ControllerClassNameHandlerMapping example
Few examples to demonstrate the use of the ControllerClassNameHandlerMapping class.
1. Before and After
By default, Spring MVC is using the BeanNameUrlHandlerMapping handler mapping.
<beans ...> <bean name="/welcome.htm" class="com.mkyong.common.controller.WelcomeController" /> <bean name="/helloGuest.htm" class="com.mkyong.common.controller.HelloGuestController" /> </beans>
To enable the ControllerClassNameHandlerMapping, declared it in the bean configuration file, and the controller’s bean’s name is no longer required.
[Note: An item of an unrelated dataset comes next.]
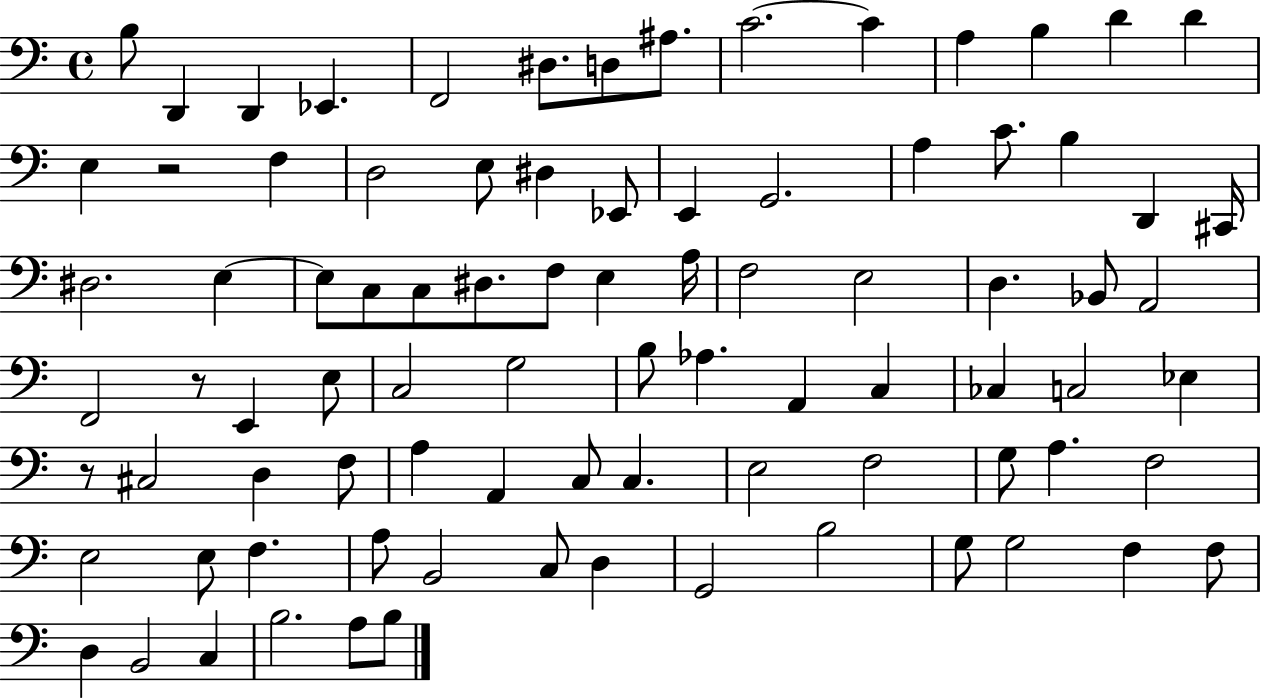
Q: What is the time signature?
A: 4/4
<beans ...> <bean class="org.springframework.web.servlet.mvc.support.ControllerClassNameHandlerMapping" /> <bean class="com.mkyong.common.controller.WelcomeController" /> <bean class="com.mkyong.common.controller.HelloGuestController" /> </beans>
Now, the application is mapping the requested URL by the following conventions.
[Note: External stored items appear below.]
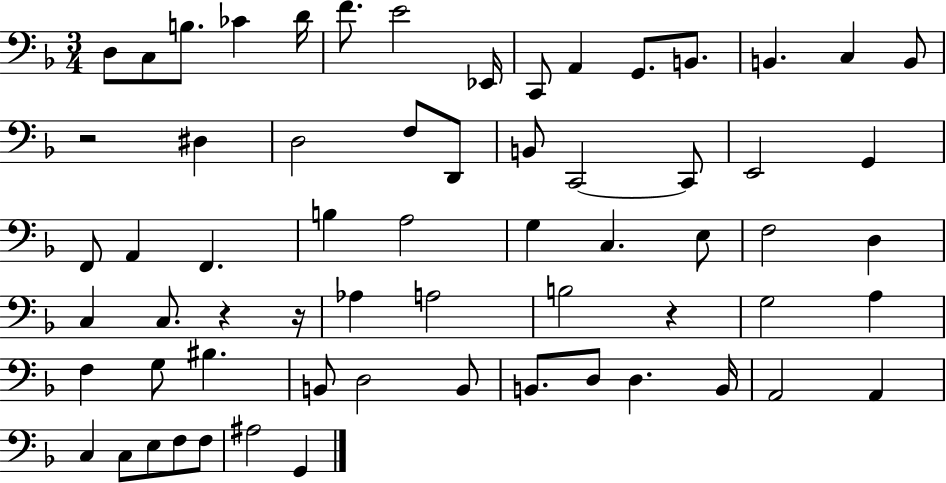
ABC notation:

X:1
T:Untitled
M:3/4
L:1/4
K:F
D,/2 C,/2 B,/2 _C D/4 F/2 E2 _E,,/4 C,,/2 A,, G,,/2 B,,/2 B,, C, B,,/2 z2 ^D, D,2 F,/2 D,,/2 B,,/2 C,,2 C,,/2 E,,2 G,, F,,/2 A,, F,, B, A,2 G, C, E,/2 F,2 D, C, C,/2 z z/4 _A, A,2 B,2 z G,2 A, F, G,/2 ^B, B,,/2 D,2 B,,/2 B,,/2 D,/2 D, B,,/4 A,,2 A,, C, C,/2 E,/2 F,/2 F,/2 ^A,2 G,,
WelcomeController -> /welcome* HelloGuestController -> /helloguest*
- /welcome.htm –> WelcomeController.
- /welcomeHome.htm –> WelcomeController.
- /helloguest.htm –> HelloGuestController.
- /helloguest12345.htm –> HelloGuestController.
- /helloGuest.htm, failed to map /helloguest*, the “g” case is not match.
2. Case sensitive
To solve the case sensitive issue stated above, declared the “caseSensitive” property and set it to true.
<beans ...> <bean class="org.springframework.web.servlet.mvc.support.ControllerClassNameHandlerMapping" > <property name="caseSensitive" value="true" /> </bean> <bean class="com.mkyong.common.controller.WelcomeController" /> <bean class="com.mkyong.common.controller.HelloGuestController" /> </beans>
Now, the application is mapping the requested URL by the following conventions.
WelcomeController -> /welcome* HelloGuestController -> /helloGuest*
- /helloGuest.htm –> HelloGuestController.
- /helloguest.htm, failed to map “/helloGuest*”, the “G” case is not match.
3. pathPrefix
Additionally, you can specify a prefix to maps the requested URL, declared a “pathPrefix” property.
<beans ...> <bean class="org.springframework.web.servlet.mvc.support.ControllerClassNameHandlerMapping" > <property name="caseSensitive" value="true" /> <property name="pathPrefix" value="/customer" /> </bean> <bean class="com.mkyong.common.controller.WelcomeController" /> <bean class="com.mkyong.common.controller.HelloGuestController" /> </beans>
Now, the application is mapping the requested URL by the following conventions.
WelcomeController -> /customer/welcome* HelloGuestController -> /customer/helloGuest*
- /customer/welcome.htm –> WelcomeController.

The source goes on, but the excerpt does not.